1. An instantaneous gas water heater of the type without permanent pilot light, including a small turboalternator (8-10) through which the water drawn off flows and which comprises a means for generating an AC current i as a function of this through flow, means (12-14) for using this current i for lighting a main pilot light (22), means (4) for using the flow of water drawn off so as to admit gas, on the one had, to the main pilot light and, on the other hand, to a gas intake chamber, a pneumatic valve means (31-35) for controlling the intake of gas to the burner, the pneumatic valve means having a valve membrane (33) which divides the gas intake chamber of the pneumatic valve means sealingly into two compartments (35 and 35), means for controlling the opening of said pneumatic valve means by partial venting to an auxiliary pilot light (23), of one of the two compartments (35) of the chamber, said controlling means including an electrovalve (30) and means for using the current i for supplying the electrovalve with electricity so as to control the opening of this electrovalve only when the main pilot is lit, characterized in that the electrovalve (30) is of a type such that the cycles of its openings and closings can follow one another at a relatively high frequency, on the order of a few tens of H.sub.z, in that its openings are made dependent on the overshoot of a given threshold I.sub.n by the amplitude of its supply current and in that the means for controlling this electrovalve include means (40) for adjusting at each instant the amplitude of the successive sinusoidal half waves of the current i before applying them to the electrovalve to adjust the duration of each cycle for which the said electrovalve is opened, this adjustment being effected as a function of the difference D between a reference value T of the temperature and the real temperature of the water drawn off at said instant so that the opening durations of the electrovalve and so also that of the valve membrane (33), vary in the same direction as this difference D.

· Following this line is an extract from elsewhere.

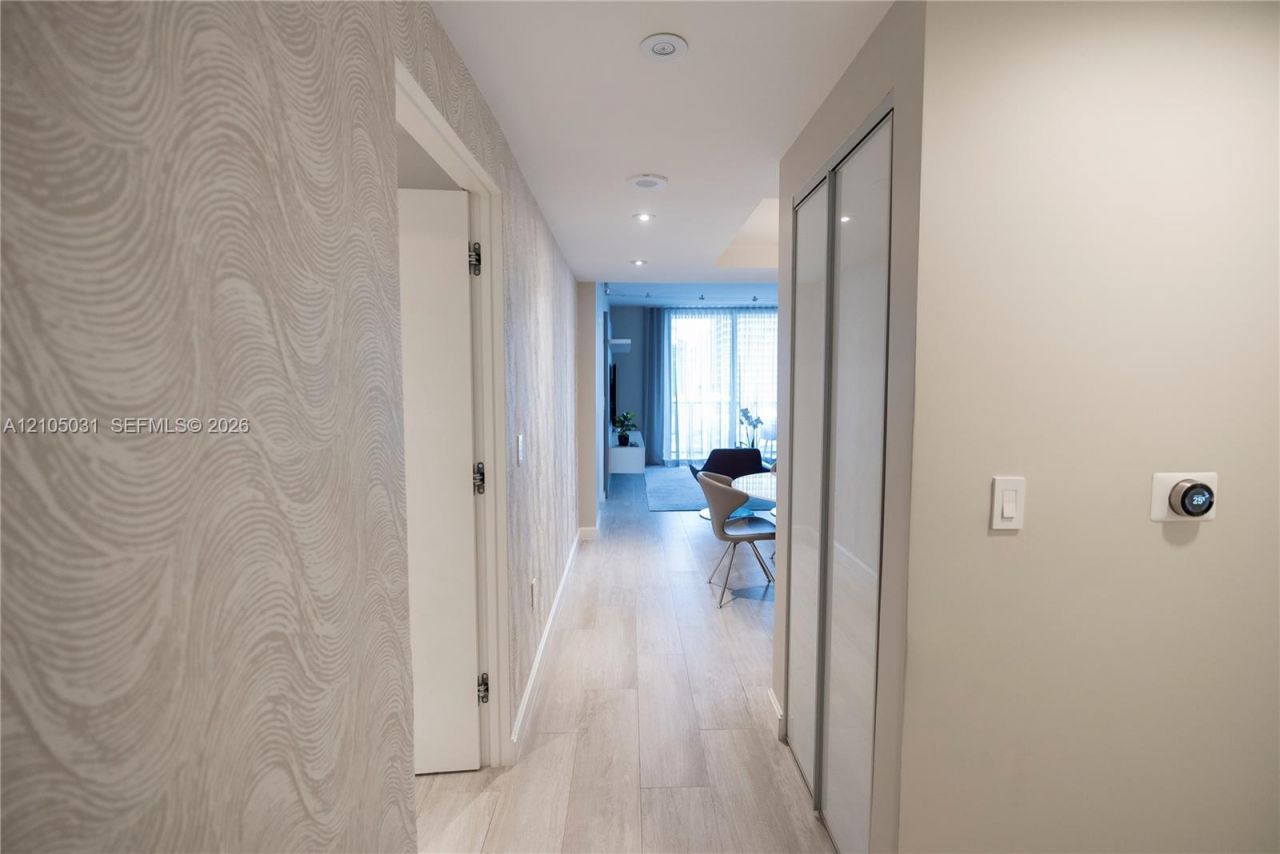 45 SW 9th St , Unit 1705, Miami, FL 33130 Photo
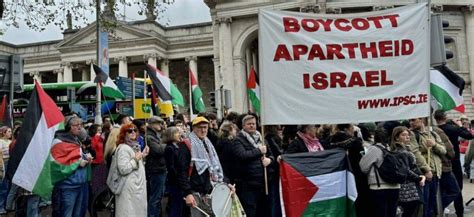 Ireland: Students End Blockade After University Agrees to Divest from Israel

2. Water heater according to claim 1, characterized in that the adjustment means include a resistance (40) sensitive to the temperature of the water drawn off, which resistance is of the positive temperature coefficient type (PCT) for which the ohmic value increases rapidly as soon as the temperature reaches and exceeds the reference value T.

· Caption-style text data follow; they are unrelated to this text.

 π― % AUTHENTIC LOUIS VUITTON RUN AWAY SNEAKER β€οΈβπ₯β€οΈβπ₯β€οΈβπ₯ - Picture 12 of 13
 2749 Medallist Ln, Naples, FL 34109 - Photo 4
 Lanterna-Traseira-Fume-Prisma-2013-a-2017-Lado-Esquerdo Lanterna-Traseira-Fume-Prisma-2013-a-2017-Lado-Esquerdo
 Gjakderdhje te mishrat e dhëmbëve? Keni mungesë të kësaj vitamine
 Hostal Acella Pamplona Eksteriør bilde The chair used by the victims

3. Water heater according to claim 1, characterized in that it comprises means (11) for rectifying the sinusoidal full waves of the current i before applying them to the electrovalve (30).

4. Water heater according to claim 3, characterized in that the rectifying means are formed by a diode bridge (11).

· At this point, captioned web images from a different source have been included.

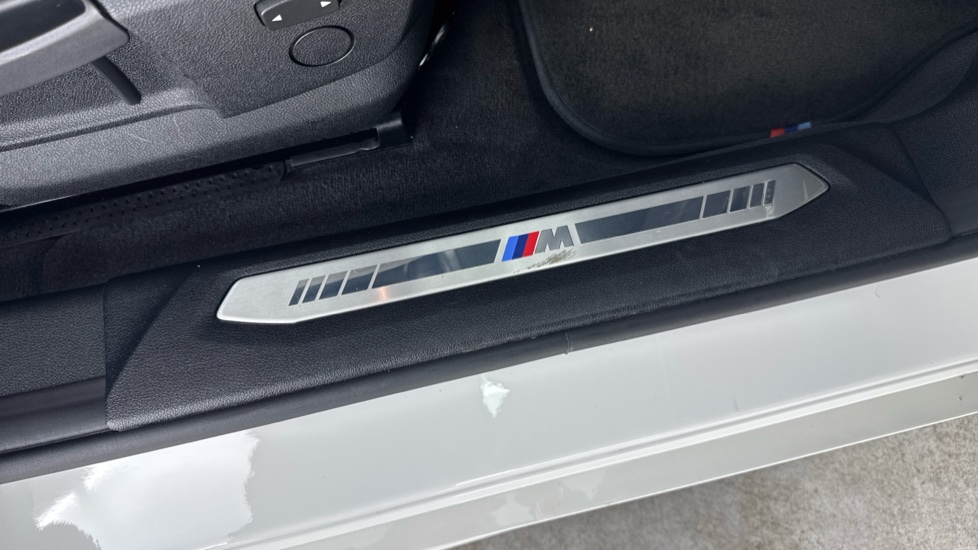 BMW 1 Series 118i M Sport 5dr Step Auto Petrol Hatchback - Image 46
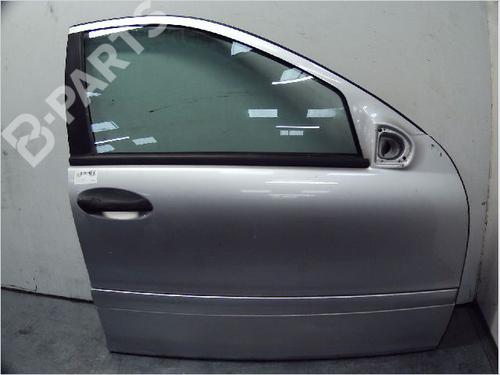 Used Right front door MERCEDES-BENZ C-CLASS T-Model (S203) C 220 CDI (203.208) (150 hp) 10990363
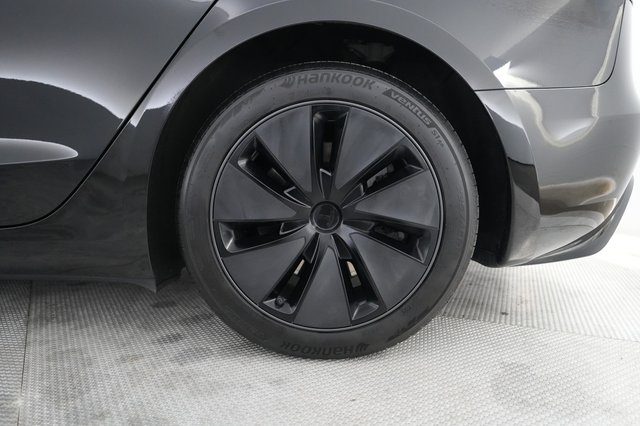 2025 Tesla Model 3 — photo 7 of 21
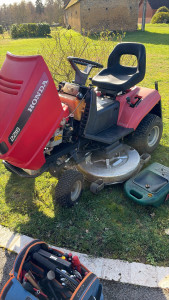 Photo de galerie - Entretien et révision complète de cet auto portée Honda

5. Water heater according to claim 1, characterized in that it includes means (15) for amplifying the successive sinusoidal half waves of the current i before applying them to the electrovalve (30).

6. Water heater according to claim 1, characterized in that the electrovalve (30) is of the "inverting" type, adapted to cause the compartment (35) which it controls to communicate alternatively with the gas intake (45) or with the stmosphere (23,24) and in that the section of the controlled nozzle (28) which communicates with the atmosphere is larger than the section of the other nozzle (26).